LONDON (Reuters) - Global equity markets surged and the dollar hit a nine-year high on Thursday, lifted by the Federal Reserve’s confidence in the U.S. economy and hopes of aggressive new stimulus in Europe.
Stocks on Wall Street rose 1.8 percent and European stocks jumped nearly 3 percent as investors set aside fears from a few days ago that tumbling oil prices point to a global slowdown.
Brent oil fell and U.S. crude traded flat, while prices for U.S. and German government debt fell on growing speculation the European Central Bank will launch a bond-buying program to combat slowing economic growth.
Stocks on Wednesday had snapped a five-day losing streak after strong private sector jobs data and as minutes from the most recent Federal Reserve meeting reassured investors the U.S. central bank was in no hurry to start raising interest rates.
In the latest sign of a strong U.S. economy, the number of Americans filing new claims for unemployment benefits fell last week and job cuts declined sharply in December, suggesting a tightening labor market.
In Europe, ECB President Mario Draghi said the bank’s Governing Council stands ready to take unconventional measures if needed to stem a prolonged period of low inflation.
Coupled with the Fed’s apparent conclusion that a global deflation threat and potential turmoil from plunging oil prices will not derail the U.S. recovery, stocks rose.
“The decline in the price in oil, sure it spoke volumes about potential headwinds for the global economy,” said Andrew Wilkinson, chief market strategist at Interactive Brokers LLC in Greenwich, Connecticut. “But it seems as ever investors are more optimistic about the likely response from global central banks and that turned confidence around.”
MSCI’s all-country world stock index rose 1.93 percent, while the FTSEurofirst 300 index of top European shares surged 2.87 percent to close at 1,368.37. The German, French and Italian stock market indexes each rose more than 3 percent.
On Wall Street, the Dow Jones industrial average closed up 323.35 points, or 1.84 percent, to 17,907.87. The S&P 500 gained 36.22 points, or 1.79 percent, to 2,062.14 and the Nasdaq Composite added 85.72 points, or 1.84 percent, to 4,736.19.
A slump in German industrial orders in November and a drop in euro zone consumer inflation expectations reinforced bearish views of the euro as the U.S. data also helped push the single currency to a nine-year low, for a fifth day of losses.
The euro fell to $1.17540, its lowest since December 2005, on the EBS trading platform, and last traded at $1.1789, a 0.41 percent decline.
The euro’s weakness kept the dollar index at nine-year highs.
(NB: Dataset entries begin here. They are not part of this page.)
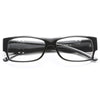 Cameron Unisex Rectangular Clear Glasses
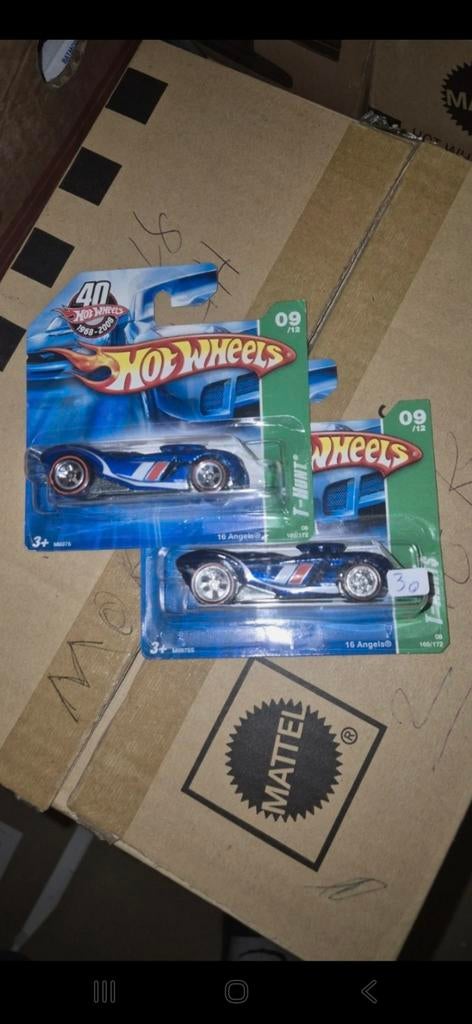 Hotwheels hot wheels th en sth super hunt set, Enlèvement ou Envoi, Hot Wheels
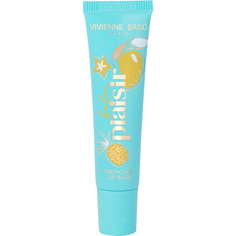 Бальзам для губ VIVIENNE SABO BALM PLAISIR восстанавливающий тон 02
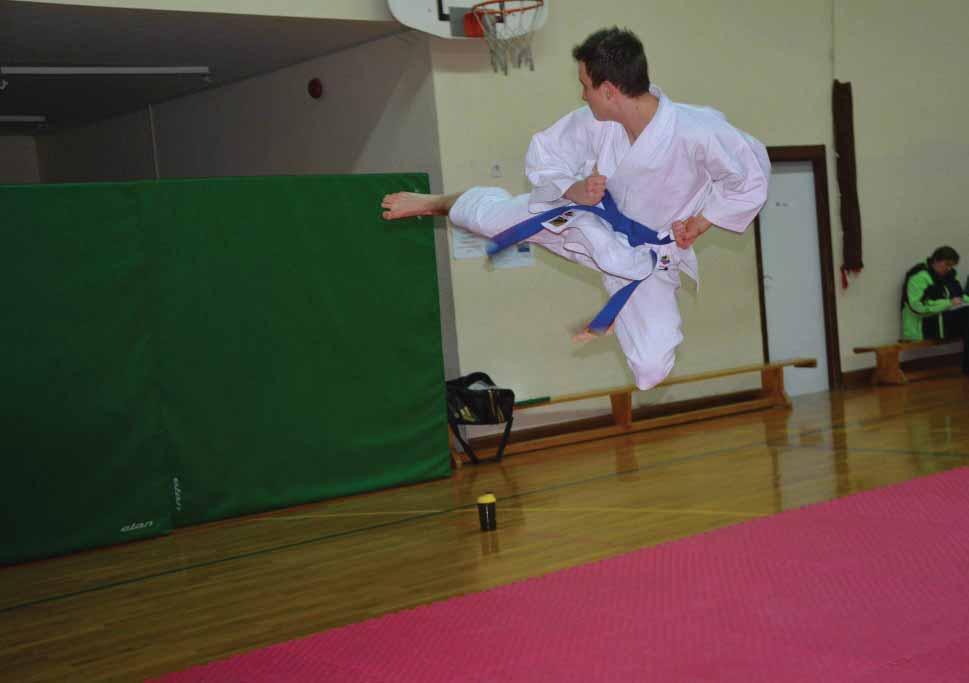 Karate Karate kot način življenja Moji začetki v karateju so povezani s predstavitvijo karateistov v osnovni šoli Negova.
Against the yen, the dollar climbed to 119.65 yen, up 0.34 percent.
Global benchmark Brent oil fell below $51 a barrel as bulls and bears searched for a floor to the prolonged rout.
Brent crude fell 19 cents to settle at $50.96 a barrel. U.S. crude rose 14 cents to settle at $48.79 a barrel.
“There is selling fatigue and that’s why you’re seeing some short covering,” said John Kilduff, partner at New York energy hedge fund Again Capital. “There are lots of folks out there still looking for a bottom. This thing is not over yet. Not by a long shot.”
U.S. Treasury debt prices declined as Wall Street rallied and U.S. oil prices steadied, and on the expectations for an ECB bond-buying program.
Prices of benchmark 10-year Treasuries were off 18/32 to yield 2.0161 percent, after dipping below the 2 percent level on Tuesday for the first time since October.
The yield on the German 10-year bund rose to 0.512 percent.
“What’s going on in Treasuries has nothing to do with what is going on in the U.S. and everything to do with what is going on in Europe and with what is going on in the energy complex,” said Eric Green, head of U.S. rates and economic research at TD Securities in New York.